Please remove the raw-content guard (or otherwise make it impossible for user-controlled text to masquerade as the runtime preamble) and add the regression test @Audacity88 requested: inbound content beginning with [turn-context] should still produce a provider payload whose last user turn begins with the runtime-generated preamble, followed by the user's original text.
π‘ Warning β Rebase onto current master before the next review pass
This branch is now 412 commits behind current upstream/master and GitHub reports it as CONFLICTING / DIRTY; git merge-tree --write-tree HEAD upstream/master shows a content conflict in crates/zeroclaw-channels/src/orchestrator/mod.rs.

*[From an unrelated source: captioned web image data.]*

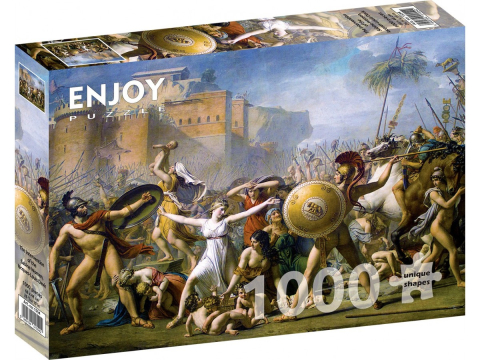 Puzzle 1000 piese - Puzzle 1000 piese Enjoy – Jacques-Louis David: The Intervention of the Sabine Women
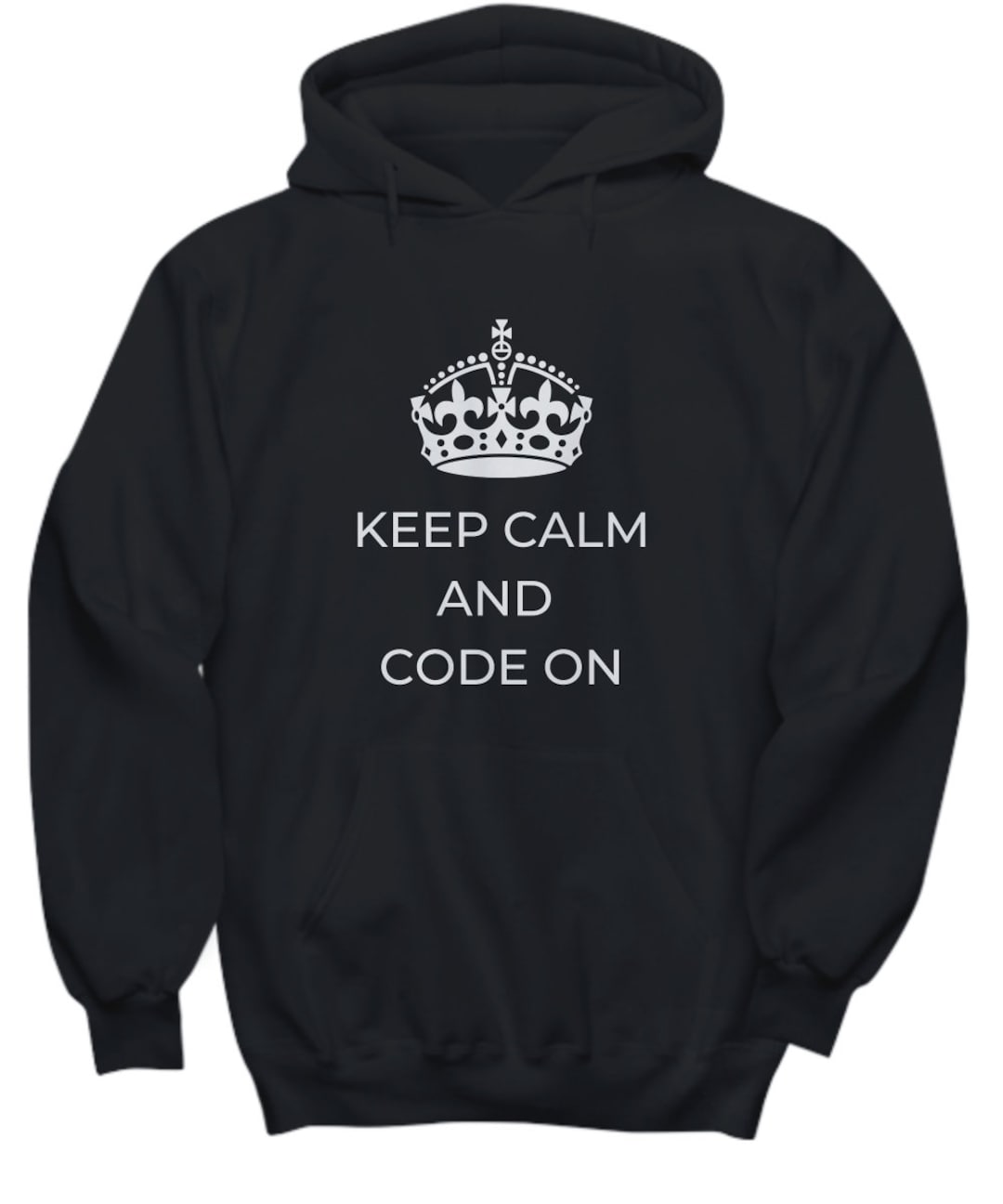 Keep Calm and Code on Hoodie - Software Engineer Gift - Etsy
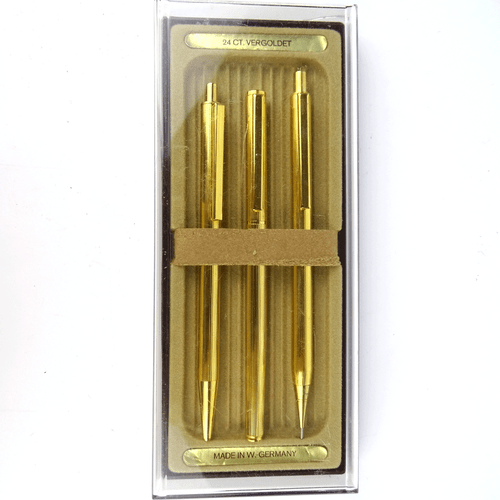 24ct vergoldet Schreibset Kugelschreiber Bleistift Selectip, Made in W.Germany - Bild 2 von 7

That rebase is not just mechanical context churn. Current master has added channel-context contracts this May 13 branch does not know about, including message_id / reaction-tool guidance, the webhook delivery.thread_id special case, self-addressed mention handling for aliased channels, and calibration/date-section changes around the channel prompt. When you port the cache-stability fix forward, please preserve those current-master contracts while moving only the volatile per-turn pieces out of the cached prefix.
π’ What looks good β The core cache-fix direction and local checks are solid
The main architectural direction is the right one for #6360: the stable channel delivery instructions belong in the system prompt, while reply_target, sender, delivery hints, and wall-clock time belong in the current turn rather than in the provider-cached prefix. The cached conversation copy staying clean is also the right invariant β no stacked preambles across turns.

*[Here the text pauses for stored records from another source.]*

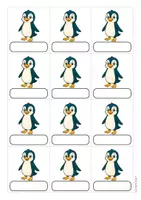 Vorschau - Bildkarten - Pinguinklasse - Garderobenschilder - Seite 2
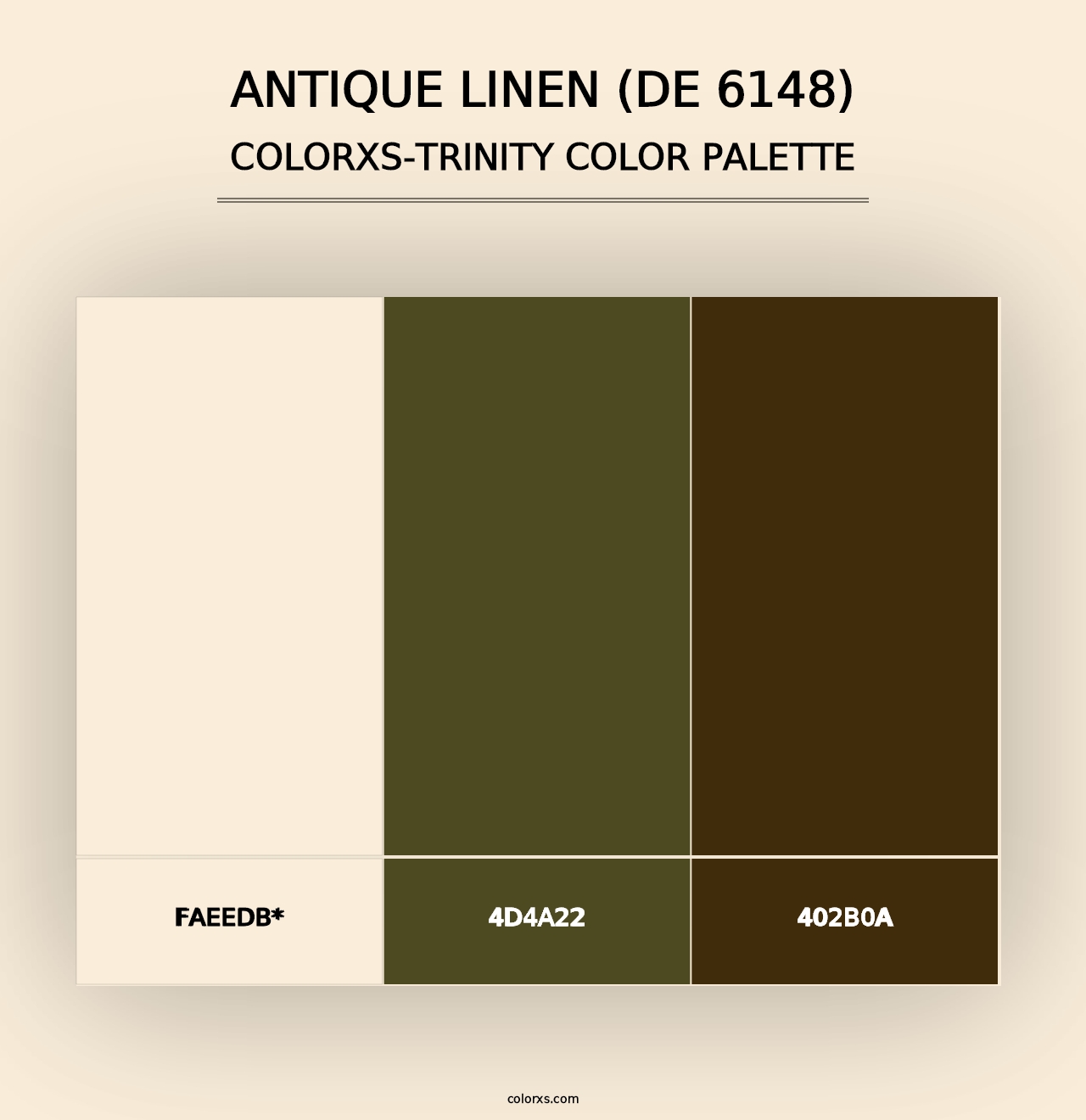 Antique Linen (DE 6148) - Colorxs Trinity Palette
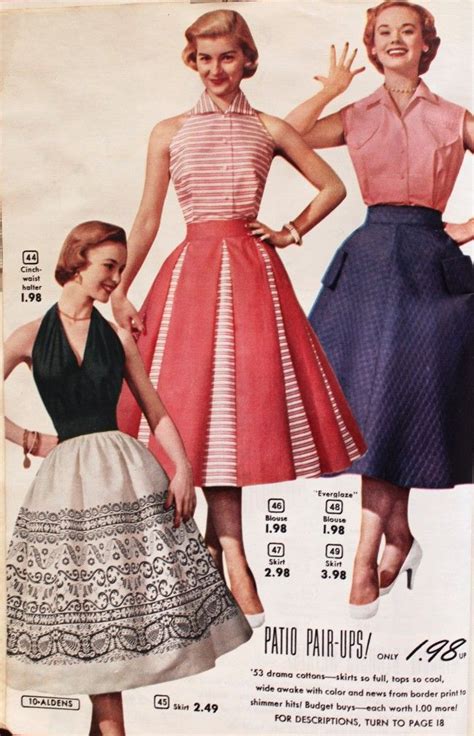 What type of clothing was popular during the 50s?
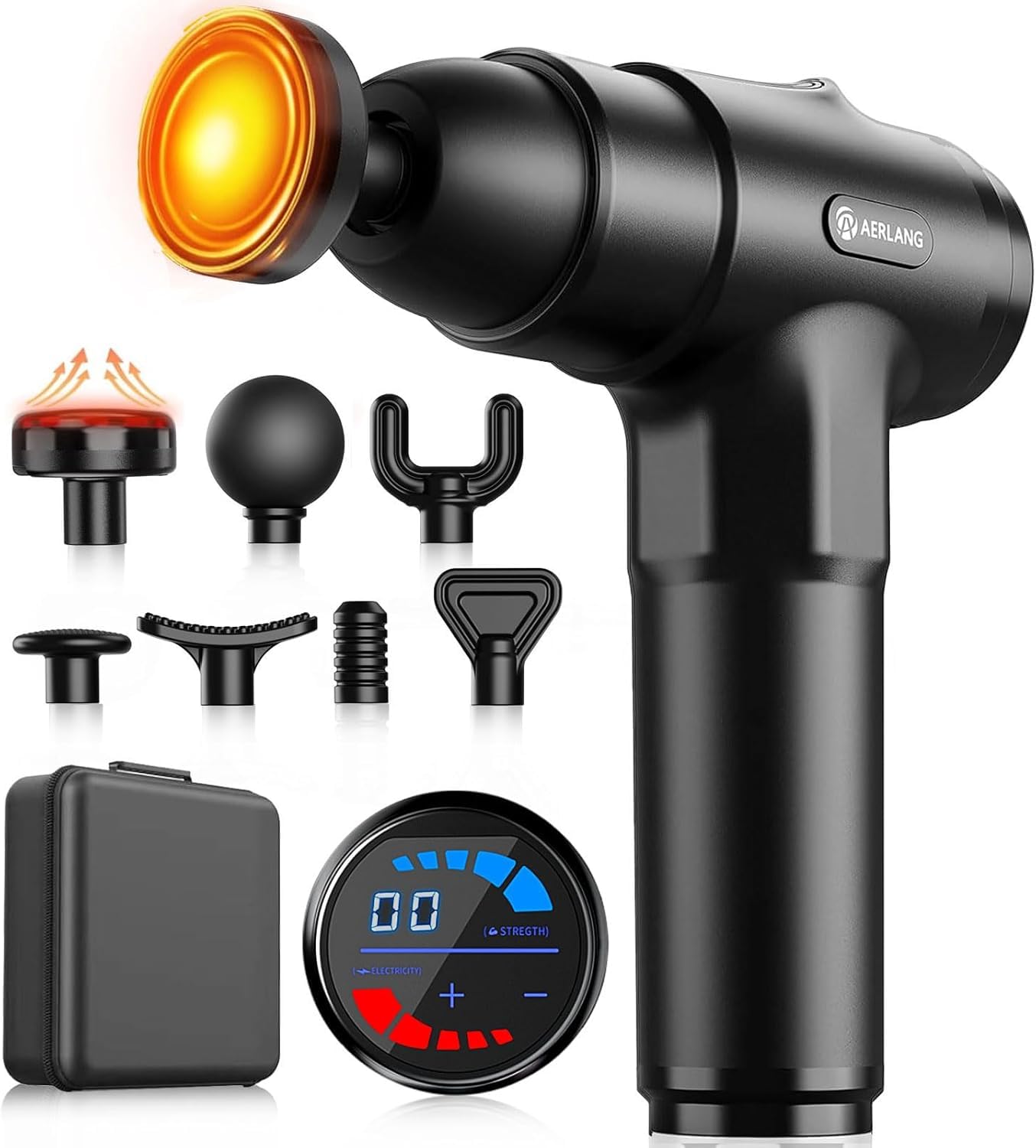 AERLANG Massage Gun with Heat Massager Deep Tissue Muscle Massage - AERLANG Official Product View 1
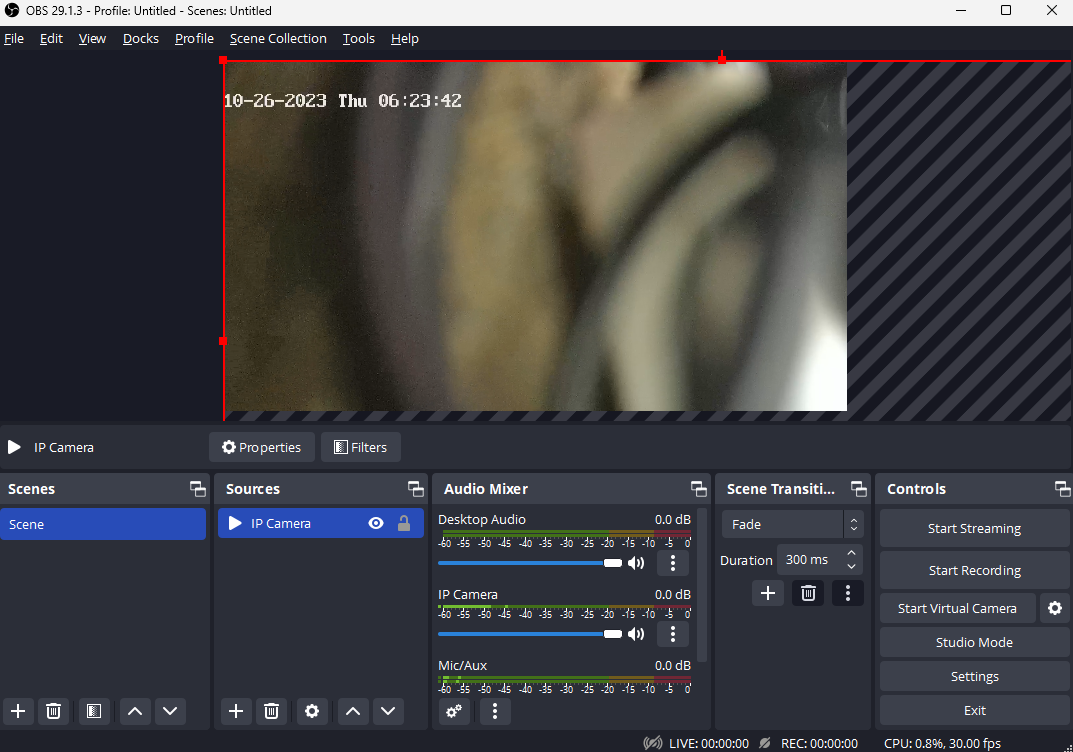 Obs studio 2024 ip camera source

Local verification on this head:
cargo fmt --all -- --checkβ passed.cargo test -p zeroclaw-channels --lib build_channel_system_prompt -- --nocaptureβ 3 passed.cargo test -p zeroclaw-channels --lib process_channel_message_telegram_system_prompt_is_byte_stable_across_turns -- --nocaptureβ passed.cargo test -p zeroclaw-channels --lib process_channel_message_enriches_current_turn_without_persisting_context -- --nocaptureβ passed.cargo test -p zeroclaw-channels --lib --quietβ 992 passed in 5.39s.cargo clippy -p zeroclaw-channels --lib -- -D warningsβ passed.

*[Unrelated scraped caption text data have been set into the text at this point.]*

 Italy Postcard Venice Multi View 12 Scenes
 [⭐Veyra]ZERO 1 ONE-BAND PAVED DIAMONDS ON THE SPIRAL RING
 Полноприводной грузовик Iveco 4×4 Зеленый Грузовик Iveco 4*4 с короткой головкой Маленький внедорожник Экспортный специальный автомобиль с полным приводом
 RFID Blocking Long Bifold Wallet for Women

Once the two blockers are fixed and the branch is rebased onto current master, this should be a much easier re-review: the desired shape is clear, and the existing tests already cover a lot of the non-persistence/cache-prefix behavior.
singlerider
left a comment
There was a problem hiding this comment.
Reviewed at head 1e0ae6f against current master. @tidux's June 11 review already covers both blockers thoroughly and they are correct; I am confirming the trust-boundary one in source and not adding redundant noise. Not overriding @Audacity88's active changes-requested.
π’ Cache-fix direction is right
Moving reply_target, sender, delivery hints, and wall-clock time out of the cached system prefix and into the current turn β while keeping the stable channel delivery instructions in the system prompt and the cached history copy clean β is the correct fix for #6360.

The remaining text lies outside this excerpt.